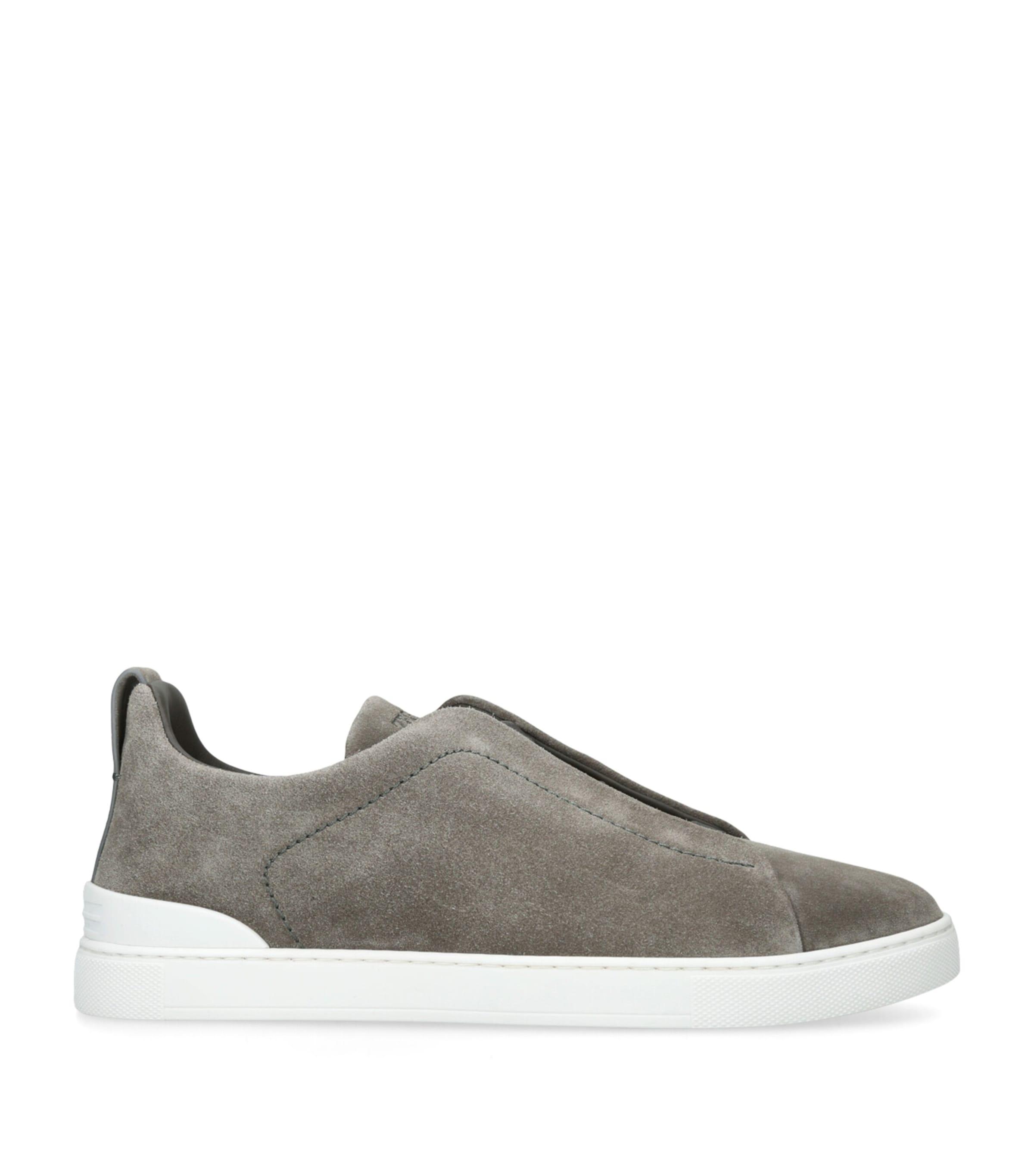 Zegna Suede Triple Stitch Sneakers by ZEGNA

...

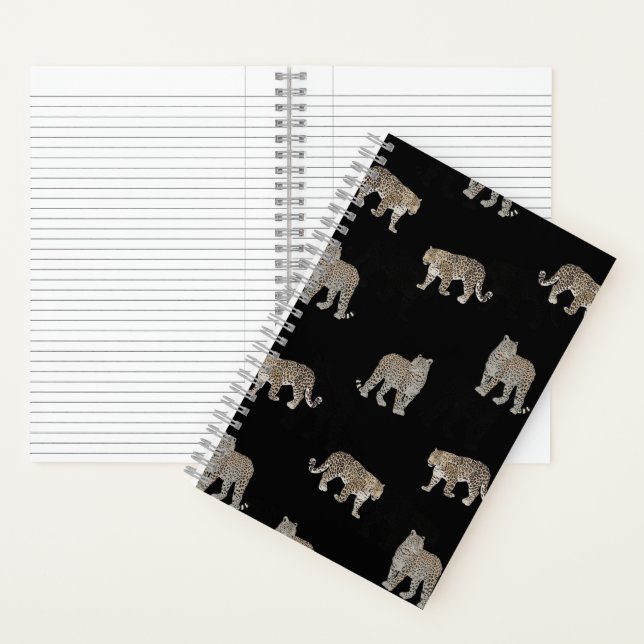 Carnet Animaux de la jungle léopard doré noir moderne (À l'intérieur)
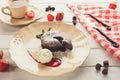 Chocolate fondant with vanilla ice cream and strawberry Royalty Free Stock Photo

Work item: From the material above, reproduce only what runs from the line holding "Carnet Animaux de" down to the line holding "Chocolate fondant with", both included, pictures excluded.

Exercise solution:
 Carnet Animaux de la jungle léopard doré noir moderne (À l'intérieur)
 Chocolate fondant with vanilla ice cream and strawberry Royalty Free Stock Photo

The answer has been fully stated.